## RECORDS FOR THE EXERCISE
Content starts
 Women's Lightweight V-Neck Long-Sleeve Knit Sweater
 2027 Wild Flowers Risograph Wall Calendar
Content ends
Content starts
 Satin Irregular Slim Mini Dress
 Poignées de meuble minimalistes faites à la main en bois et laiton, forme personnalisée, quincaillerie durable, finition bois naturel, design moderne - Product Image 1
Content ends
Would you please repeat exactly the lines above, starting at the line with "Satin Irregular Slim Mini Dress" and stopping at the line with "Poignées de meuble", both included?

## RESULT OF THE TASK
 Satin Irregular Slim Mini Dress
 Poignées de meuble minimalistes faites à la main en bois et laiton, forme personnalisée, quincaillerie durable, finition bois naturel, design moderne - Product Image 1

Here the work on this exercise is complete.